» **Data supplied**:
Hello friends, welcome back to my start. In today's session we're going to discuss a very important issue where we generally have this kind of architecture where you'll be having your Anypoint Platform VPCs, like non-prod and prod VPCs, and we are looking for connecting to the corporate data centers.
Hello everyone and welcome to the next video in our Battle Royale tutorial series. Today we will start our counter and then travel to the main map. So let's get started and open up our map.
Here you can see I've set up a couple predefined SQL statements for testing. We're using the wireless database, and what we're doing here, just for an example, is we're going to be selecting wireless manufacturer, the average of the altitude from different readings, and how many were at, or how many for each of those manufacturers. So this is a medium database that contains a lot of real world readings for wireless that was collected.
...
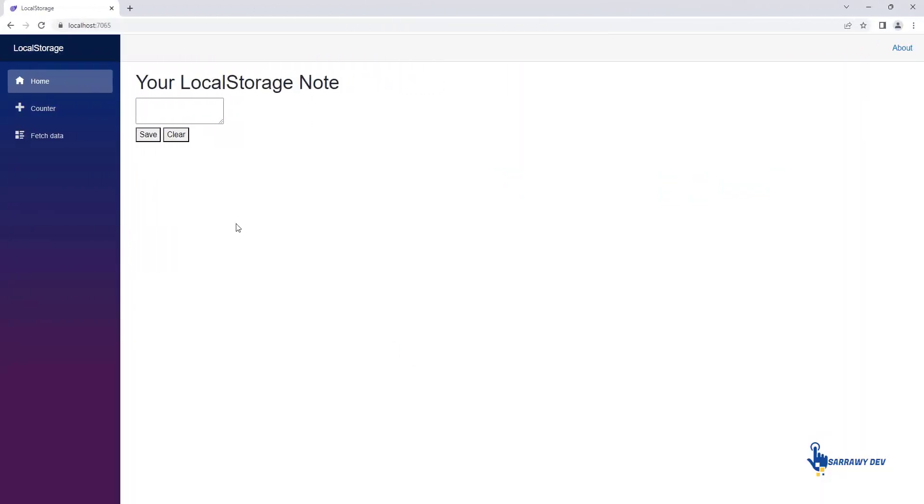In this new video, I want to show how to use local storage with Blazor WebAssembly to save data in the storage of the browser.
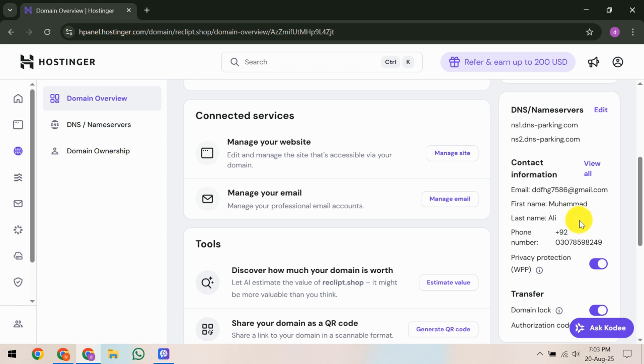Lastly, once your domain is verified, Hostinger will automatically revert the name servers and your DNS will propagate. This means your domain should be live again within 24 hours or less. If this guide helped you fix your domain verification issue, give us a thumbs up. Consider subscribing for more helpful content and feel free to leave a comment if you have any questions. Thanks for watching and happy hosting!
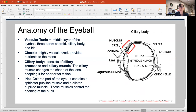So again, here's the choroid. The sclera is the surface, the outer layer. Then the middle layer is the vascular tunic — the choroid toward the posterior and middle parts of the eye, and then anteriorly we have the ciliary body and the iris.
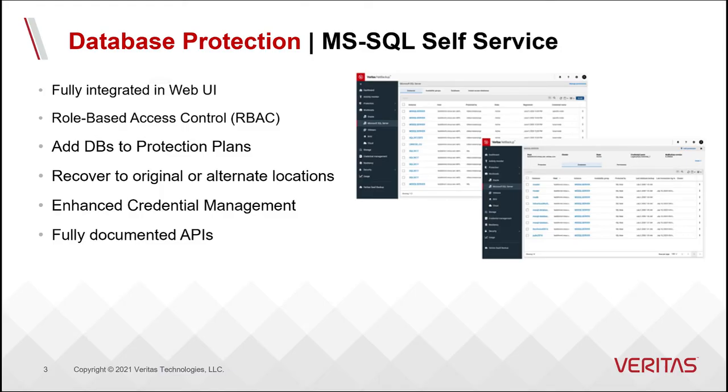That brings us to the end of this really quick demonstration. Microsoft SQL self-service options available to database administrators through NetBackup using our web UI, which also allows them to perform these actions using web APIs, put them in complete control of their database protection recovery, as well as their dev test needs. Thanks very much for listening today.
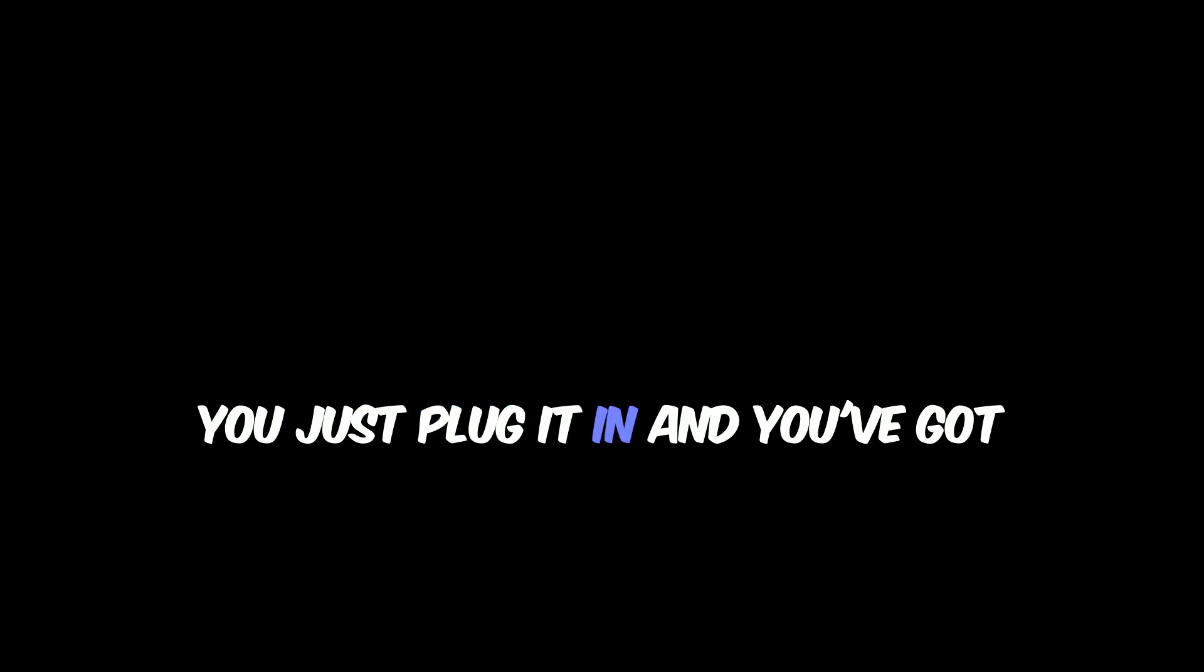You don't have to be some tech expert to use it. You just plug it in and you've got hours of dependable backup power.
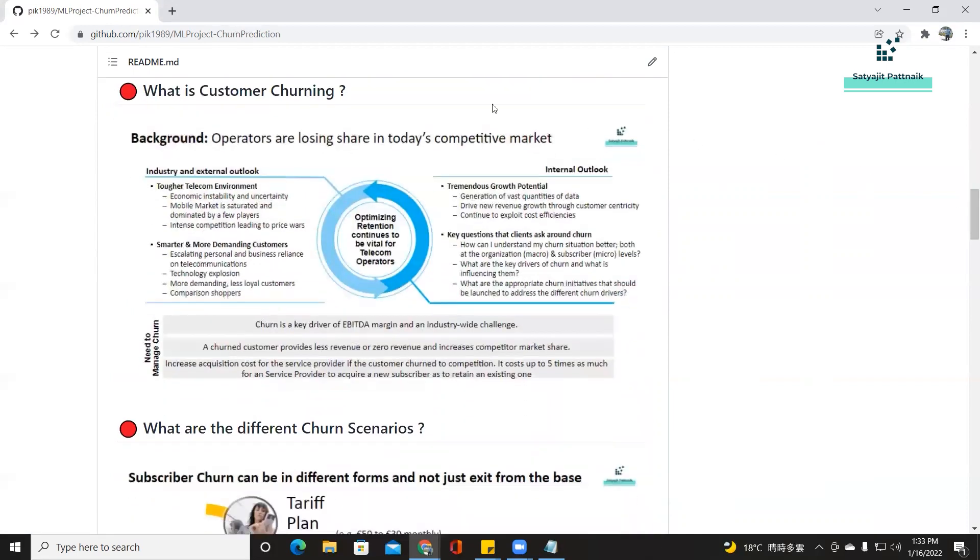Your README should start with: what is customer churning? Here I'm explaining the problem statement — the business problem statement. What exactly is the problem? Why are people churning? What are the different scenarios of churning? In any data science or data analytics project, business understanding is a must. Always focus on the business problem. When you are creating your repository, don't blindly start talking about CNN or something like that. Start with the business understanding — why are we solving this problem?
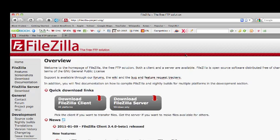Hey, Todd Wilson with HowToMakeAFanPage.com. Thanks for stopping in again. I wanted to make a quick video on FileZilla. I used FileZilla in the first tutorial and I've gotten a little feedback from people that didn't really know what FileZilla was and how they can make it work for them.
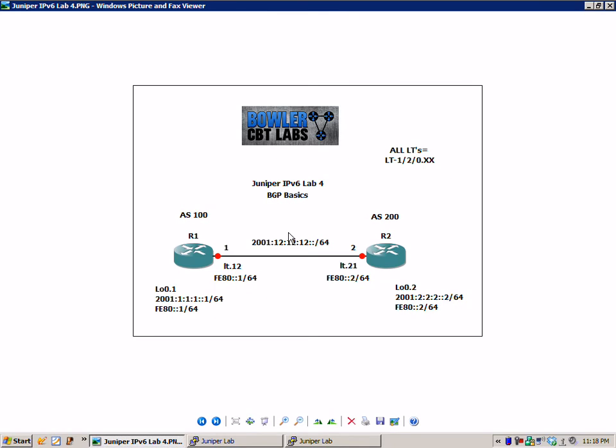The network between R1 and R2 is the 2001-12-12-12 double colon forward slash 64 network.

» **What is needed**:
For the lines above, output exactly those from the line containing "Hello friends, welcome" through the line containing "Hello everyone and", and skip the others.

» **Expected output**:
Hello friends, welcome back to my start. In today's session we're going to discuss a very important issue where we generally have this kind of architecture where you'll be having your Anypoint Platform VPCs, like non-prod and prod VPCs, and we are looking for connecting to the corporate data centers.
Hello everyone and welcome to the next video in our Battle Royale tutorial series. Today we will start our counter and then travel to the main map. So let's get started and open up our map.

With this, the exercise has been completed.